_Work order_.
Copy exactly, beginning with the line holding "1968, Malnourished woman" and ending with the final line of the data beneath this task; copy nothing else, and leave out every picture.

━━━━━ Dataset entries ━━━━━

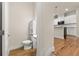 Half bathroom featuring tile floors adjacent to the kitchen at 1284 Park Bench Pl, Mableton, GA 30126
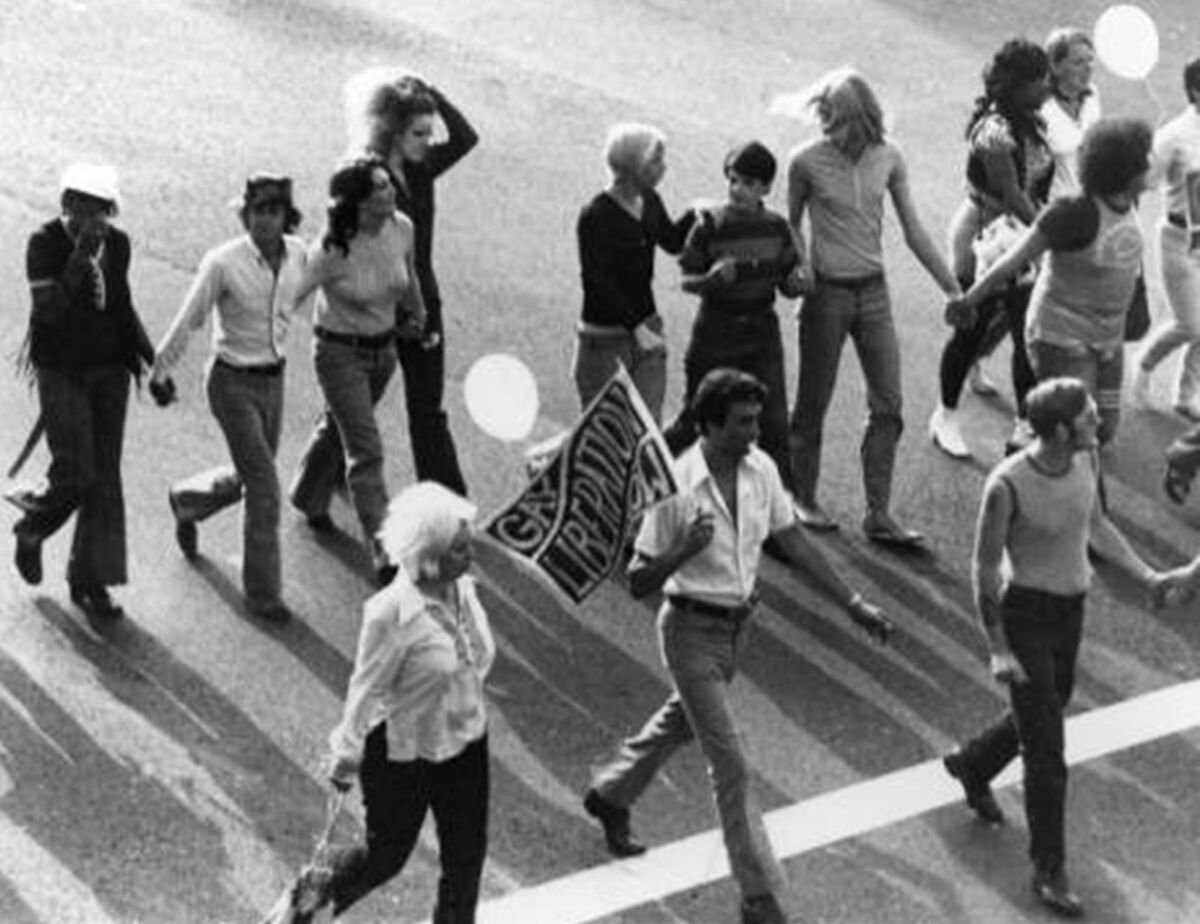 A black and white photo of a Gay Liberation Front contingent at the Los Angeles Christopher Street West pride parade.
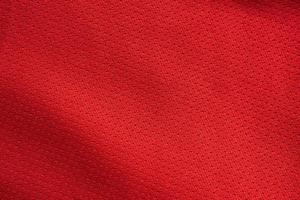 Red sports clothing fabric football jersey texture close up photo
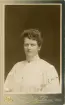 Fröken Clara Schander i höghalsad vit blus med broderier (s.k. engelskt broderi), Runt halsen syns en tunn klockkedja och en brosch.
Bröstbild, halvprofil. Ateljéfoto.
I nedre högra hörnet en autograf: 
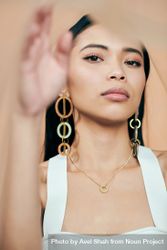 Young woman looking at camera with statement earrings 5ngpM4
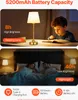 A collage of two lifestyle images showing a table lamp in use, with a child reading and a couple sleeping, and a row of feature icons at the bottom. Produktbild-Vorschau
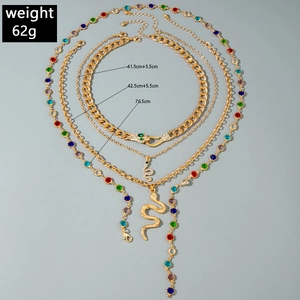 Macro shot of layered gold snake necklaces with dimension labels and colorful stones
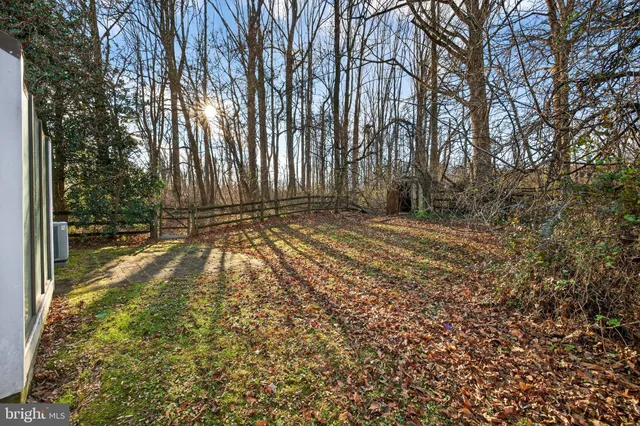 an aerial view of a houses with yard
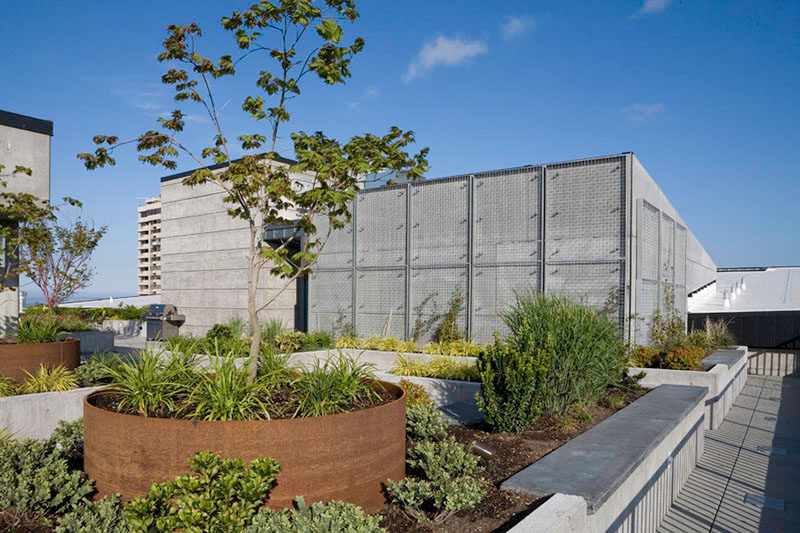 9 Ideas For Including Weathering Steel Planters In Your Garden // The round steel planters inside the even larger concrete planters create depth and add texture to the gardens on this outdoor patio.  #SteelGardenPlanters #WeatheredSteelPlanters #CortenSteelPlanters #Landscaping #GardenIdeas #PlanterIdeas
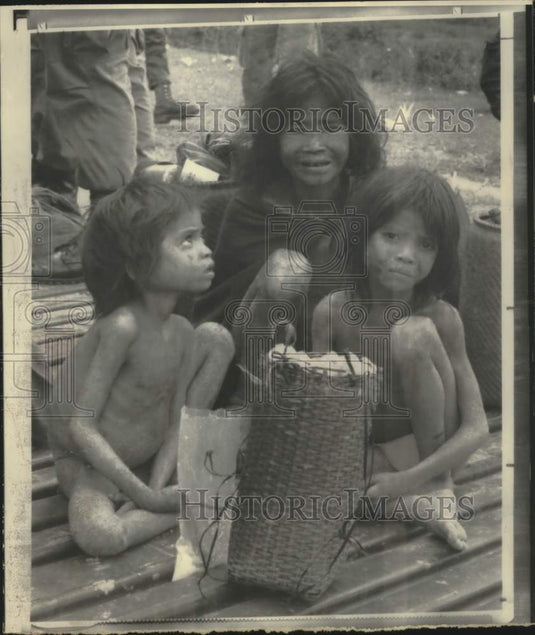 1968, Malnourished woman & her children in Saigon, South Vietnam - Historic Images
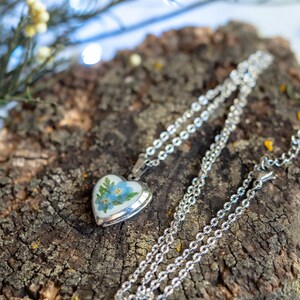 Silver tone pressed flower heart pendant locket shown open with space for tiny photo note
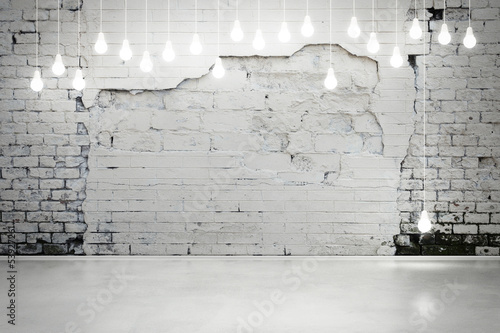 Obraz w ramie damaged brick wall with bulbs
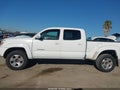 2013 Toyota Tacoma — photo 14 of 16 | VIN 3TMKU4HN1DM037341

━━━━━

_Reply_.
 1968, Malnourished woman & her children in Saigon, South Vietnam - Historic Images
 Silver tone pressed flower heart pendant locket shown open with space for tiny photo note
 Obraz w ramie damaged brick wall with bulbs
 2013 Toyota Tacoma — photo 14 of 16 | VIN 3TMKU4HN1DM037341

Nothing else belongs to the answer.